Entries taken from a collection
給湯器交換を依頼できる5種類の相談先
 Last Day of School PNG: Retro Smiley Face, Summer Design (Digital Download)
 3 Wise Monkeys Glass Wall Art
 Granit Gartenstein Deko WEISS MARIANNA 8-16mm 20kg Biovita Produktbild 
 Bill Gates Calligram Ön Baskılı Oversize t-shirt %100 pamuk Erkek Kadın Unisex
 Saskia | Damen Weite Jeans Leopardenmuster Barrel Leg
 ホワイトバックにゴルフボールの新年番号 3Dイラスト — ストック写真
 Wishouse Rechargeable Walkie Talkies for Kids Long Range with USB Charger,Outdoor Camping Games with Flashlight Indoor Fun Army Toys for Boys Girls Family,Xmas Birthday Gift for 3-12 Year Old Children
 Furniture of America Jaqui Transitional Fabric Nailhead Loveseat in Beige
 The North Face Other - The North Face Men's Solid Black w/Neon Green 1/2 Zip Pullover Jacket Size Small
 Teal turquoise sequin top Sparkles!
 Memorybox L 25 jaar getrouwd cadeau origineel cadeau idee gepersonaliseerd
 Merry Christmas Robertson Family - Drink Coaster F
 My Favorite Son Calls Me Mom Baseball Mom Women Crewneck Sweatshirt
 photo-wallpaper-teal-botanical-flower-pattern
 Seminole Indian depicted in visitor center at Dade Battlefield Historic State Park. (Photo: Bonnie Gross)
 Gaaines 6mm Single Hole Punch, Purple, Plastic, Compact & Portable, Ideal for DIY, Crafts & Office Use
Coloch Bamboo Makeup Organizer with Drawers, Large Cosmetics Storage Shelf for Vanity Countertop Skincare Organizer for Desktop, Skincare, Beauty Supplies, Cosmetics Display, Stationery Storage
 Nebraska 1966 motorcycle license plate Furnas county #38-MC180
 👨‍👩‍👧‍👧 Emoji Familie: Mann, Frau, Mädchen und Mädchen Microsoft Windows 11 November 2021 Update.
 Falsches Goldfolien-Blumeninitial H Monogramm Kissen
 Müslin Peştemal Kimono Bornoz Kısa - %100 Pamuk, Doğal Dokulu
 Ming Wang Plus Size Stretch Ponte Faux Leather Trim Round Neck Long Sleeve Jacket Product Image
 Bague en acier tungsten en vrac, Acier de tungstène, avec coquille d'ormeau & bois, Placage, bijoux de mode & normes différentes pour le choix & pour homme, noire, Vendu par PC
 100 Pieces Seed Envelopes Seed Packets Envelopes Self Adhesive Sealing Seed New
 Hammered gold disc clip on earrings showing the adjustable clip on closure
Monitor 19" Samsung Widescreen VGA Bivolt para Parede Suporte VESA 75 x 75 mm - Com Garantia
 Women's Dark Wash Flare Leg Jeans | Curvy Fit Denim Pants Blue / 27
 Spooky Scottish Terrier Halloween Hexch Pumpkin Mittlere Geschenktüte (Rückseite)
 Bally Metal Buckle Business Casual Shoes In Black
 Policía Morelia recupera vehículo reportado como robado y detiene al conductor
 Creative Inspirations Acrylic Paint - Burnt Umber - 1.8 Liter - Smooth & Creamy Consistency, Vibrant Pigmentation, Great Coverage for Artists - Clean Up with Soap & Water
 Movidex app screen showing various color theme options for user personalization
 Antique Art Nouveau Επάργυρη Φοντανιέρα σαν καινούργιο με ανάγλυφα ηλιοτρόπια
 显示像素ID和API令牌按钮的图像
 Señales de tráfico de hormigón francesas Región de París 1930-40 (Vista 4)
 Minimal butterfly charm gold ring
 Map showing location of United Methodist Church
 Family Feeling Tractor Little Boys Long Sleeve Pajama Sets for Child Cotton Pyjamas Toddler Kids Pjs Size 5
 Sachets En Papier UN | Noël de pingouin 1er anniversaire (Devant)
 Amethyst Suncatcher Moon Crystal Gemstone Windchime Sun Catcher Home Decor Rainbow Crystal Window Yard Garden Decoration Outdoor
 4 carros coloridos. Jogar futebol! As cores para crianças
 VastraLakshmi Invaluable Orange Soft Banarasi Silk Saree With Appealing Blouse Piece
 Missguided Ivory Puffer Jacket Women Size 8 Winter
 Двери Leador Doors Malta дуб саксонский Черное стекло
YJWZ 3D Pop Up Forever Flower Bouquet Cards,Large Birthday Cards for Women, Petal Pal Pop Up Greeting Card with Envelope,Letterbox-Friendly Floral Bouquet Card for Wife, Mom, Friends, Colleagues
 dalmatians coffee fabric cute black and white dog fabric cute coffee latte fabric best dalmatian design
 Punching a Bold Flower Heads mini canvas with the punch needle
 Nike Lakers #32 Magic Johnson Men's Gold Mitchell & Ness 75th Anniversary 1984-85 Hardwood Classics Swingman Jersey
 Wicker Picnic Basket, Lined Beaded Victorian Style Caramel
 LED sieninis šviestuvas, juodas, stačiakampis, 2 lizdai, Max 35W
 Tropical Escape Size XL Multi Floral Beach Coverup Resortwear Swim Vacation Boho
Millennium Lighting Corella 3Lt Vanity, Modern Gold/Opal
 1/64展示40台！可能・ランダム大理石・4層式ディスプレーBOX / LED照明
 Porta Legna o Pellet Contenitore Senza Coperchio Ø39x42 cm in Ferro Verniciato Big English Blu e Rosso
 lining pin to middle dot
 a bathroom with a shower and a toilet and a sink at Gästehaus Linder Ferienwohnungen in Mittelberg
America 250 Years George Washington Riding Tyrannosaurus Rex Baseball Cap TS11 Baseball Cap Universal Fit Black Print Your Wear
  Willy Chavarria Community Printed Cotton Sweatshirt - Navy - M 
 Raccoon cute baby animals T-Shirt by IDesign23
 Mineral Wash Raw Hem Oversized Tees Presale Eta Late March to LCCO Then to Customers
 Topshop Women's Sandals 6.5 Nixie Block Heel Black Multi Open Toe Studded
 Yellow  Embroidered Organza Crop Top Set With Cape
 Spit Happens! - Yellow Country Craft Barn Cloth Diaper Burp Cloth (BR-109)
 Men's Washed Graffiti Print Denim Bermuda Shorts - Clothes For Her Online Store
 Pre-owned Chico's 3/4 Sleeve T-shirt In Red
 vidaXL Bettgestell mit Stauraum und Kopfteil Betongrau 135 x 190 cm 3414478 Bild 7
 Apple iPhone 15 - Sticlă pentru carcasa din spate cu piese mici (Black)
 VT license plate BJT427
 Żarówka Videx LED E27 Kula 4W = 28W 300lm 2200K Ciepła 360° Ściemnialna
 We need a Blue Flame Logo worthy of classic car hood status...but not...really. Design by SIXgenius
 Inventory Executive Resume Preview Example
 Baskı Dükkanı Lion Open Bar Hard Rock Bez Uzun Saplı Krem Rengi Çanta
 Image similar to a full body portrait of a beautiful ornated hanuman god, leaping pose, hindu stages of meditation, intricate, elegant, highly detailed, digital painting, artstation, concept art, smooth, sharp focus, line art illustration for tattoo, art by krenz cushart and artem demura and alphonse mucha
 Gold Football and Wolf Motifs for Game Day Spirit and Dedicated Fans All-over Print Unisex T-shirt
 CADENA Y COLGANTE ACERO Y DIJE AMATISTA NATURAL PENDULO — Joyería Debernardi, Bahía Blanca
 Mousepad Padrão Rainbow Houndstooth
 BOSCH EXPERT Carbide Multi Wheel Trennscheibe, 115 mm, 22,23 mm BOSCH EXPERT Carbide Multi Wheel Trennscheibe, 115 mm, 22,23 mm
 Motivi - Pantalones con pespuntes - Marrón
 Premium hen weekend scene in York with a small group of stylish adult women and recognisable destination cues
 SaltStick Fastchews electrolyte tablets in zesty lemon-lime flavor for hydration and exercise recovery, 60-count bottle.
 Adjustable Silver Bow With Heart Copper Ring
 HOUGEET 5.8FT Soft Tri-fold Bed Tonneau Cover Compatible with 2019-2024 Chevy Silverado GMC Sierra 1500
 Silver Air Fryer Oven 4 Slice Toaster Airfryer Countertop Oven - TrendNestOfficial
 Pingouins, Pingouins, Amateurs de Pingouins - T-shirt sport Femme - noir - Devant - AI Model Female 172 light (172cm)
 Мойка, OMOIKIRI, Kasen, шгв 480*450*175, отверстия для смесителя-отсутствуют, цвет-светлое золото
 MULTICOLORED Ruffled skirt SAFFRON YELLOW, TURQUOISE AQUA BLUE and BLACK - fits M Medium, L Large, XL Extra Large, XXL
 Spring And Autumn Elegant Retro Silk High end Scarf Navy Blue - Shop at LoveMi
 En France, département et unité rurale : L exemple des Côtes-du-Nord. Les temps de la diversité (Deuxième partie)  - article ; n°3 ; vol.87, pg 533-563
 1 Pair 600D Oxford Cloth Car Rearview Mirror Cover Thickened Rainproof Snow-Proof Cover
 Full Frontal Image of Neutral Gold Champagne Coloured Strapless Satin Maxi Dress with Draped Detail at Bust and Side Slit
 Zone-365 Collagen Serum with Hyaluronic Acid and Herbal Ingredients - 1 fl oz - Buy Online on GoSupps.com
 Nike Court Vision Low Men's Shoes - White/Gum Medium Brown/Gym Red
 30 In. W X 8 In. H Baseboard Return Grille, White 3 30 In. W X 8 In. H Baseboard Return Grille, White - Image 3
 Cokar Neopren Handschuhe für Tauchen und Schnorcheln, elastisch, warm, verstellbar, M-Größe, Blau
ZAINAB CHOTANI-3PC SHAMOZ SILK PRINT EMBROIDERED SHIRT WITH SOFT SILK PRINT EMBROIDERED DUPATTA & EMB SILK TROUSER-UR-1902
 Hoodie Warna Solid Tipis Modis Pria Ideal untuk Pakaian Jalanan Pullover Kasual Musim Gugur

# EXERCISE INSTRUCTIONS
In the entries above, please find the line with "Women's Dark Wash" and the line with "4 carros coloridos.", then write out exactly those two lines and every line between them, and nothing more.

# RESPONSE
 Women's Dark Wash Flare Leg Jeans | Curvy Fit Denim Pants Blue / 27
 Spooky Scottish Terrier Halloween Hexch Pumpkin Mittlere Geschenktüte (Rückseite)
 Bally Metal Buckle Business Casual Shoes In Black
 Policía Morelia recupera vehículo reportado como robado y detiene al conductor
 Creative Inspirations Acrylic Paint - Burnt Umber - 1.8 Liter - Smooth & Creamy Consistency, Vibrant Pigmentation, Great Coverage for Artists - Clean Up with Soap & Water
 Movidex app screen showing various color theme options for user personalization
 Antique Art Nouveau Επάργυρη Φοντανιέρα σαν καινούργιο με ανάγλυφα ηλιοτρόπια
 显示像素ID和API令牌按钮的图像
 Señales de tráfico de hormigón francesas Región de París 1930-40 (Vista 4)
 Minimal butterfly charm gold ring
 Map showing location of United Methodist Church
 Family Feeling Tractor Little Boys Long Sleeve Pajama Sets for Child Cotton Pyjamas Toddler Kids Pjs Size 5
 Sachets En Papier UN | Noël de pingouin 1er anniversaire (Devant)
 Amethyst Suncatcher Moon Crystal Gemstone Windchime Sun Catcher Home Decor Rainbow Crystal Window Yard Garden Decoration Outdoor
 4 carros coloridos. Jogar futebol! As cores para crianças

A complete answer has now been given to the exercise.